* PROVIDED MATERIAL
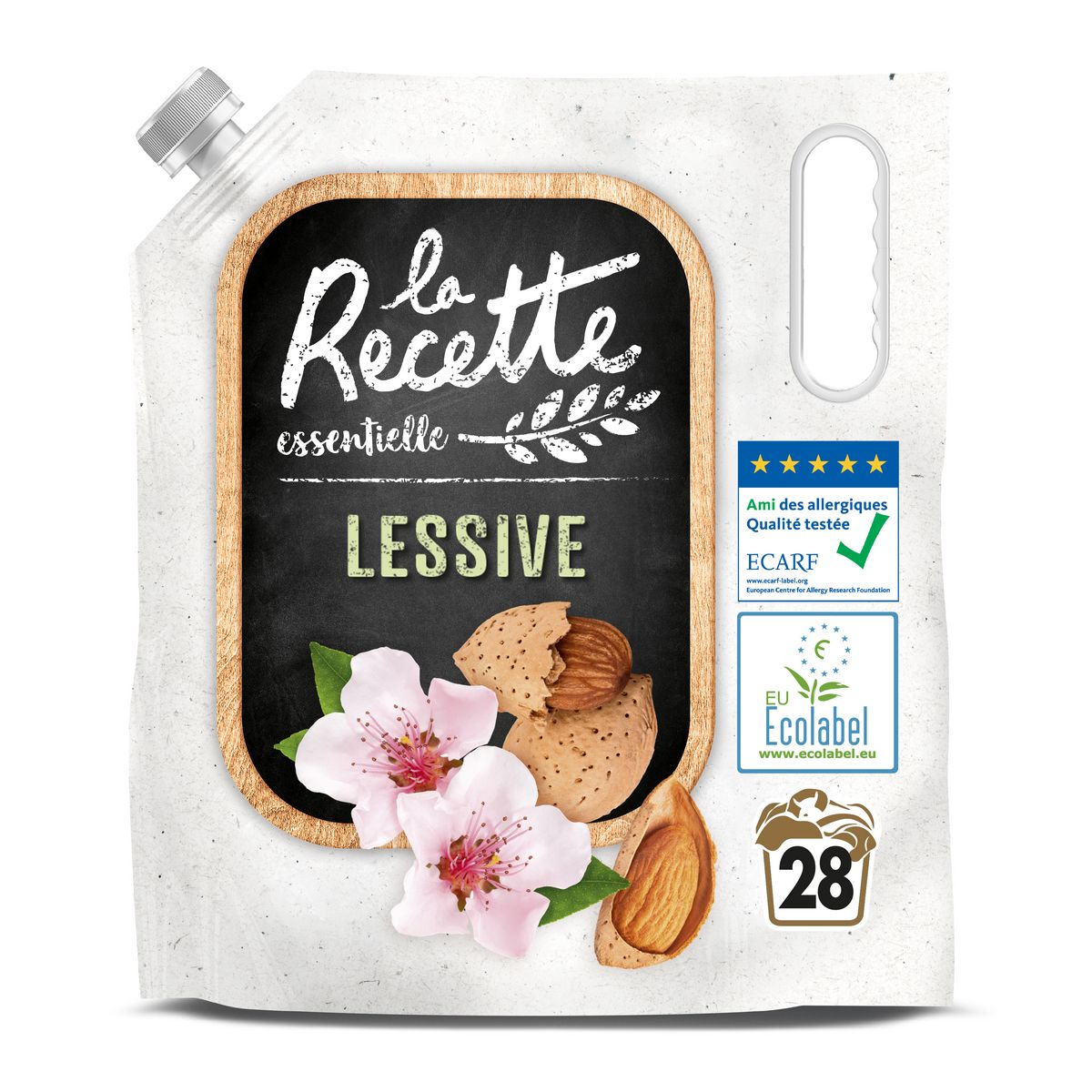 LA RECETTE Recharge lessive liquide écolabel lait d'amande douce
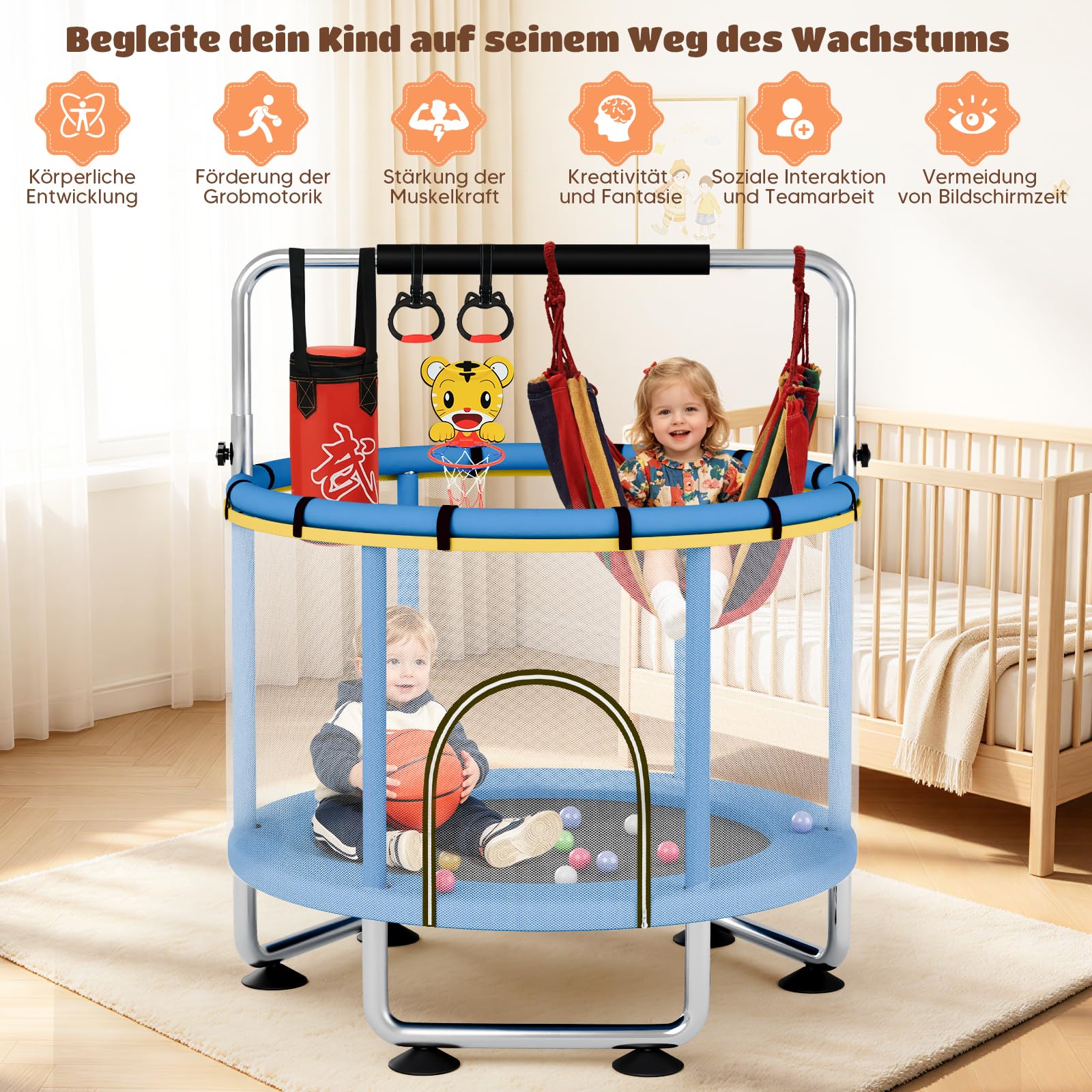Trampolino per Bambini, Trampolino per Bambini da 150cm per Interni/Esterni, Barra da Ginnastica Regolabile, Capacità 250KG, Rete Protezione/Canestro da Basket/Amaca/Sacco Boxe
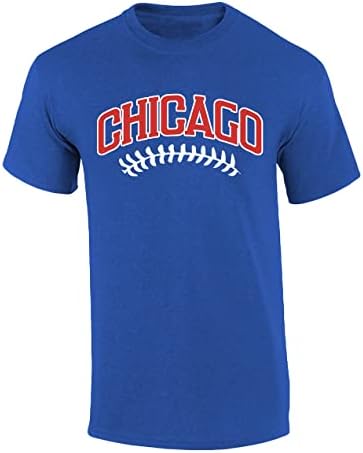 גברים של בייסבול צוות חולצת טי אילינוי שיקגו בייסבול צוות צבע רויאל כחול ואדום שרוכי קצר שרוול חולצה גרפי טי-רויאל-גדול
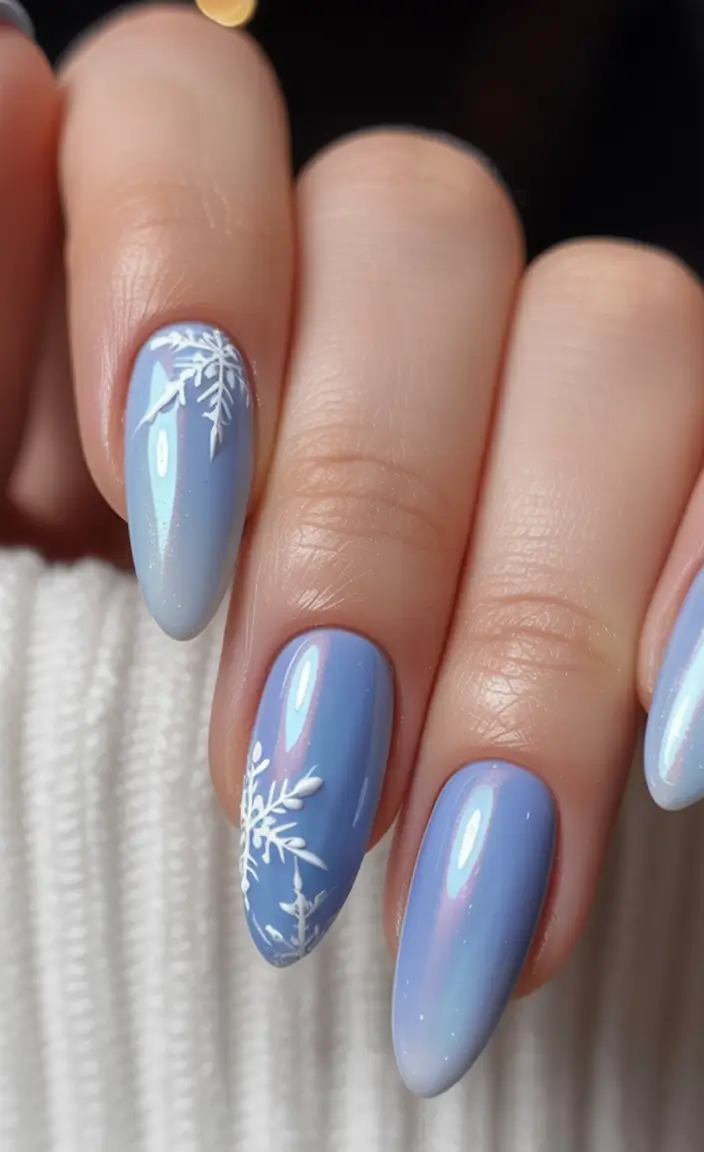 blue nail trends for winter 2025 2026 Arctic Glow Ombre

* TASK DETAILS
A word-for-word retyping of the material above is expected, without pictures.

* REPLY
 LA RECETTE Recharge lessive liquide écolabel lait d'amande douce
Trampolino per Bambini, Trampolino per Bambini da 150cm per Interni/Esterni, Barra da Ginnastica Regolabile, Capacità 250KG, Rete Protezione/Canestro da Basket/Amaca/Sacco Boxe
 גברים של בייסבול צוות חולצת טי אילינוי שיקגו בייסבול צוות צבע רויאל כחול ואדום שרוכי קצר שרוול חולצה גרפי טי-רויאל-גדול
 blue nail trends for winter 2025 2026 Arctic Glow Ombre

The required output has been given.